Wandsworth Council is asking employers and ultimately local taxpayers to bet hundreds of millions of pounds on a pension fund that returned 3.08% last year achieving 5.1% annually for the next three years. The 42,000 workers whose retirement security depends on this bet are being told they don’t get a say in whether it’s sound.

The oversight board gets seven working days to scrutinise the assumptions before consultation begins, with no power to change them if they spot problems. And all this happens just months before the entire investment structure must be transferred to a regional pool under government reforms, adding another layer of uncertainty to already questionable projections.

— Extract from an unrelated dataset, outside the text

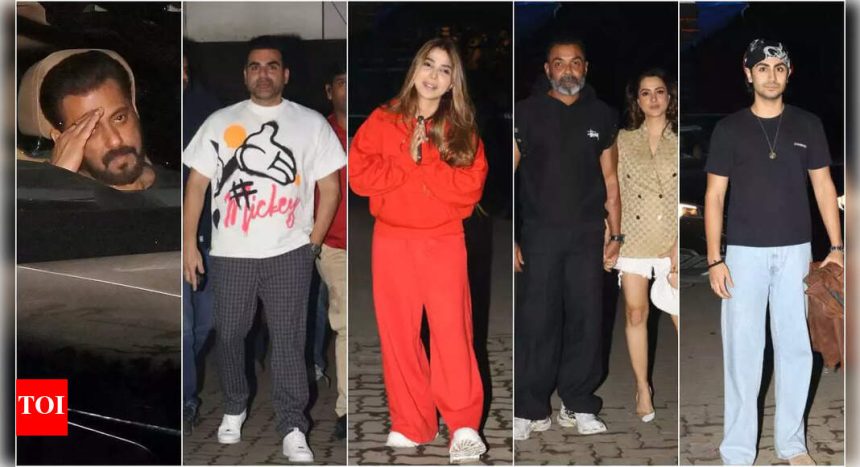 Salman Khan, Arbaaz Khan-Sshura, Bobby Deol-Tanya and Arhaan Khan celebrate Sohail Khan's 54th birthday with close friends | Hindi Movie News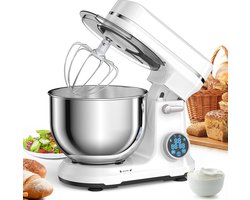 Keukenmixer - Keukenmachine - Foodprocessor - Keukenrobot - 1200W - OLED Touchscreen – 11 Snelheden – 5L RVS Mengkom – Elektrische Foodmixer - Wit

Monday’s Local Pension Board meeting at Wandsworth Town Hall is open to the public. It starts at 11:30. Whether Board members will ask the hard questions about these assumptions, and whether they’ll get straight answers, remains to be seen.


What is a discount rate? The assumed rate of investment return used to calculate how much money the pension fund needs today to pay future benefits. A higher rate makes future liabilities look smaller and reduces how much employers must contribute now, but creates serious risk if the returns aren’t actually achieved.

Meeting details: Local Pension Board, Monday 3 November 2025, 11:30 a.m., Wandsworth Town Hall. Open to public. Papers available here.